» **TASK BRIEF**:
Produce a verbatim transcription of the entries, with all pictures omitted.

» **DATA FOR REVIEW**:
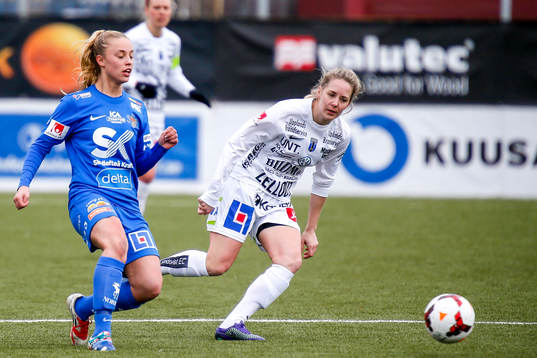 Sirius Julia Lyckberg  i premiären av elitettan i fotboll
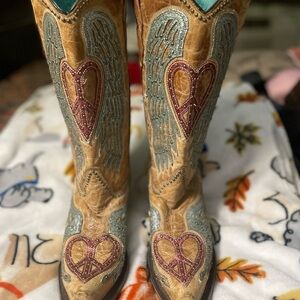 Cowgirl boots pretty clean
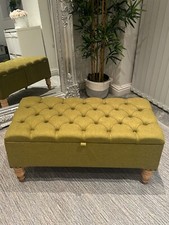 Chesterfield storage ottoman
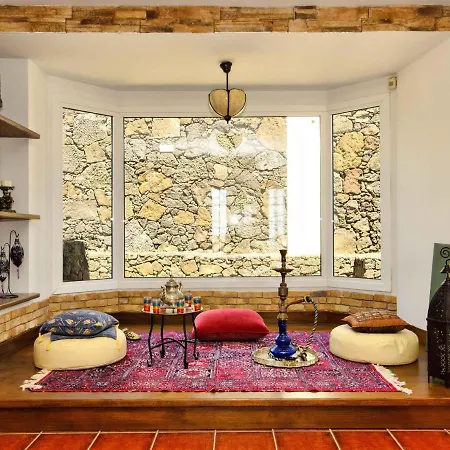 Loros Villa *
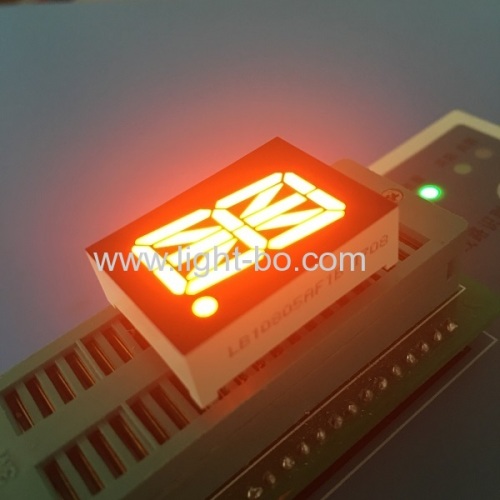 Ultra-czerwony 16-segmentowy, 0,8-calowy, jednocyfrowy wyświetlacz alfanumeryczny LED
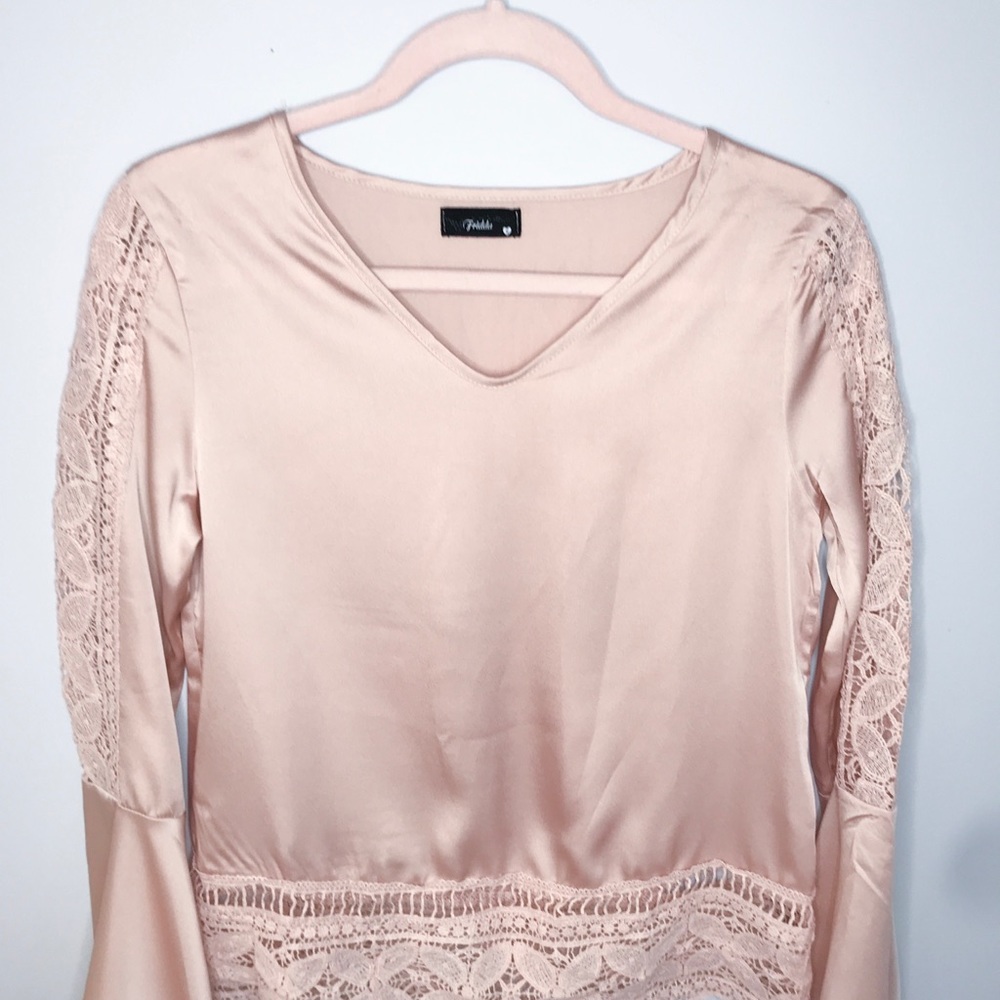 Fridda Lace Blouse - Picture 6 of 8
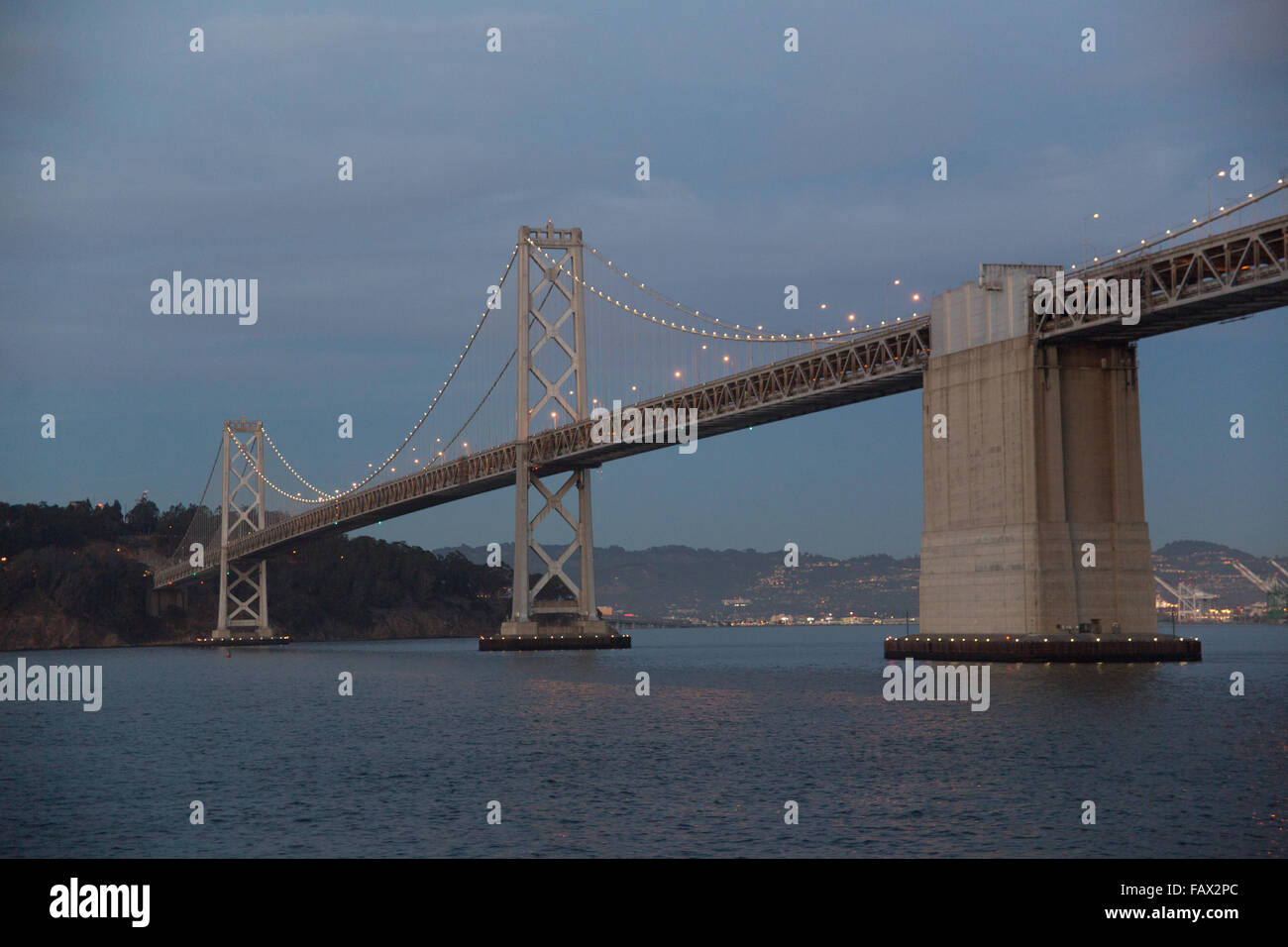 San Francisco e il Ponte della Baia Foto Stock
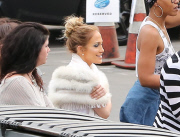 Jennifer Lopez goes to American Idol in fur and sweats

» **OUTPUT FOR THIS EXERCISE**:
 Sirius Julia Lyckberg  i premiären av elitettan i fotboll
 Cowgirl boots pretty clean
 Chesterfield storage ottoman
 Loros Villa *
 Ultra-czerwony 16-segmentowy, 0,8-calowy, jednocyfrowy wyświetlacz alfanumeryczny LED
 Fridda Lace Blouse - Picture 6 of 8
 San Francisco e il Ponte della Baia Foto Stock
 Jennifer Lopez goes to American Idol in fur and sweats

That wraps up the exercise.